Things to do nearby Lund Cottage
With traditional country pubs, quiet rural roads and magnificent views in every direction, there is a chance you won’t ever want to leave. A host of walks from the doorstep allow for leisurely strolls and strenuous hikes. Nearby, Crummock Water and Loweswater offer a sense of solitude and plenty of places to paddle and picnic. And with only a short drive to the bustling towns of Cockermouth and Keswick, there is plenty to fill your days.
Lamplugh is a small, quiet hamlet on the western edge of the Lake District. It is a rural location on the border of the National Park, ideal for exploring the remote Ennerdale Valley and the Loweswater fells.
The town of Cockermouth is just 15 minutes away and has some of the best shopping in Cumbria, with a wealth of independent and antique shops along the main street. It is one of the closest locations for your supplies; there is a Sainsbury’s, an excellent butcher, a deli, fishmonger and two bakeries. The town has a strong Georgian heritage and is the birthplace of William Wordsworth, the Lakeland poet. His home in the town is now a museum and well-worth a visit. You can also take a tour of the Jennings Brewery, which has its home in this pretty town.
Loweswater is your nearest lake, just three miles away. This is a beautiful lake, small and sweet with fantastic lakeshore paths through woodland. Loweswater is an Old Norse name for ‘leafy lake,’ a very apt description for the woodlands on the west shore that are home to red squirrels and the hidden Holme Force Waterfall.
At the far end, you will find the Kirkstile Inn, a lovely pub that maintains its reputation for unpretentious, home-cooked meals, placing great emphasis on local Cumbrian and Lake District suppliers. The beer garden must be one of the best in the region; it looks out onto Mellbreak and serves a fine pint of the mountain’s namesake beer, brewed in the on-site microbrewery.
Beyond Loweswater are the equally lovely lakes of Buttermere and Crummock Water. These three lakes once formed part of a large glacial lake but nowadays each has its own personality. With lakeshore paths and fellside walks up the surrounding mountains, this is truly a walker’s paradise. If you’re visiting in May, don’t forget to seek out the ‘hidden’ valley of Rannerdale and treat yourself to a glorious display of bluebells.
From Buttermere you can drive over Honister Pass, which takes you into the Borrowdale Valley and to Keswick beyond. Honister Slate Mine sits at the top of the Pass; here you can tour the mine, climb the Via Ferrata, or cross the well-named Bridge of Infinity!

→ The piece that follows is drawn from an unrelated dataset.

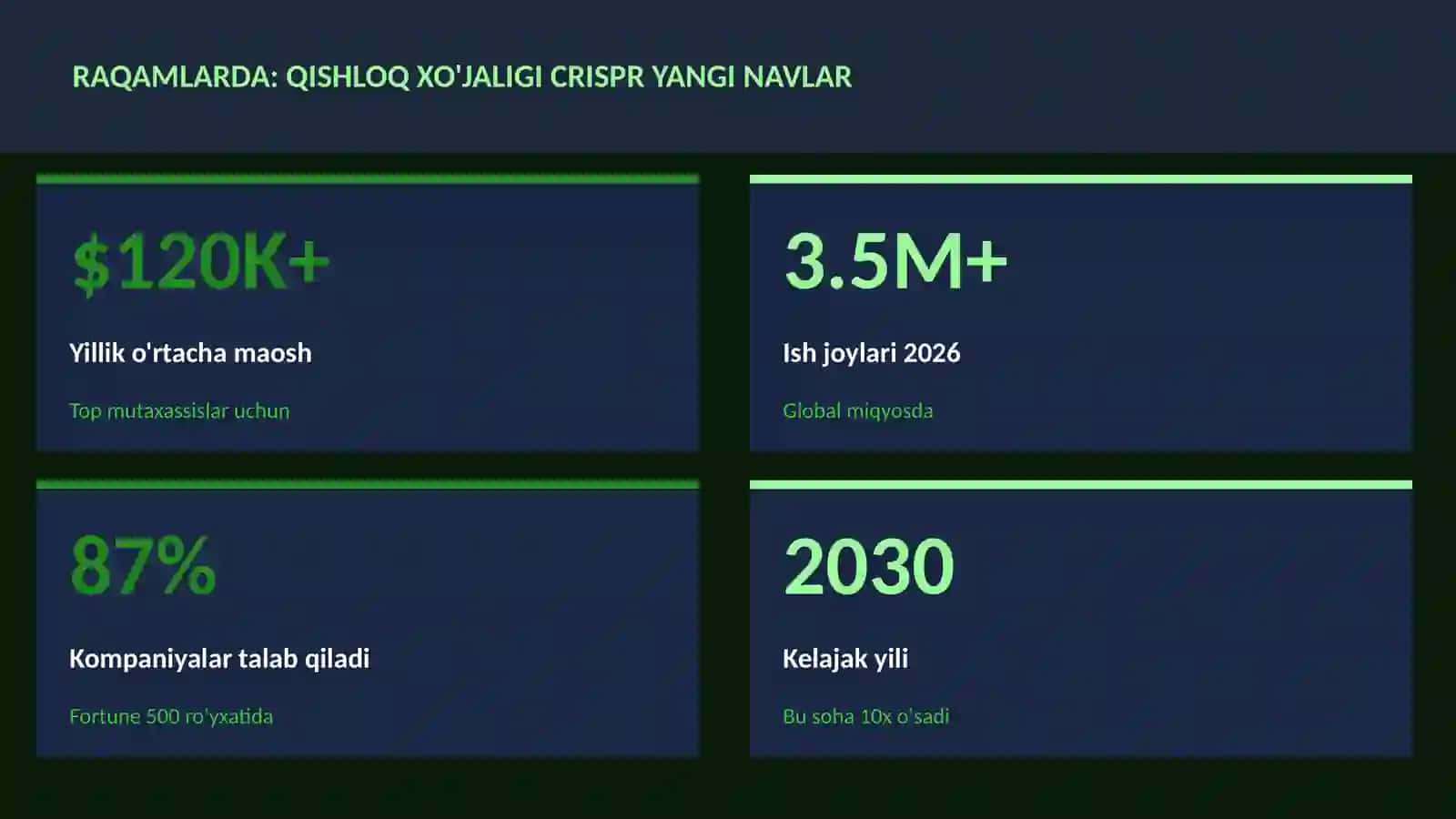 BIOTEXNOLOGIYA VA GENOMIKA 3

Keswick is famed for its stunning mountain scenery, the beautiful lake of Derwentwater, and the friendly pedestrianised town centre. If you are looking to upgrade your walking boots then Keswick is the place to go! There are numerous outdoor equipment shops as well as lots of independent shops selling everything from sweet treats to quirky local art. There is also a theatre, cinema, twice-weekly market, cafés, pubs and restaurants. You can hire boats yourself or take a Launch around the lake. Or for a more adrenaline-fuelled activity, take a look at one of the outdoor activity providers for your fill of adventure!
In the opposite direction lies Ennerdale, one of the Lake District's wildest valleys. Its remote location makes it the perfect place to escape to even in high season. Here, you will still see more sheep than people! The lake has the distinction of being the only lake in the Lake District without a tarmac road running alongside it, and long may that continue.
Walking is the big draw here with Pillar, Steeple, High Stile, Great Borne and Red Pike tempting fell walkers. You can also walk right round the lake on the easy to follow path. Although there are some slight scrambles and narrow sections, this is a good walk for many abilities.
Beyond Ennerdale, the bleak expanse of Cold Fell is a place to really experience solitude. There are views to the coast and you are practically guaranteed to have it to yourself, except for perhaps a few fell ponies and sheep. Bradley Farm runs pony trekking in the area, and this is a great way to enjoy the scenery.
The Wasdale Valley is similarly remote and is prime walking country with the big fells of Great Gable, Scafell and Scafell Pike. The valley boasts England’s deepest lake, tallest mountain, smallest church and the world-famous ‘Biggest Liar’ competition!
Beyond Wasdale is Eskdale, home to the the Ravenglass and Eskdale miniature steam railway, which takes you seven miles from Eskdale to Ravenglass, the only coastal village within the National Park. If you visit Eskdale for the day, a walk to Stanley Ghyll Waterfall via St Catherine’s Church is a great option. And don’t miss out on an amble through the Japanese Gardens at Giggle Alley!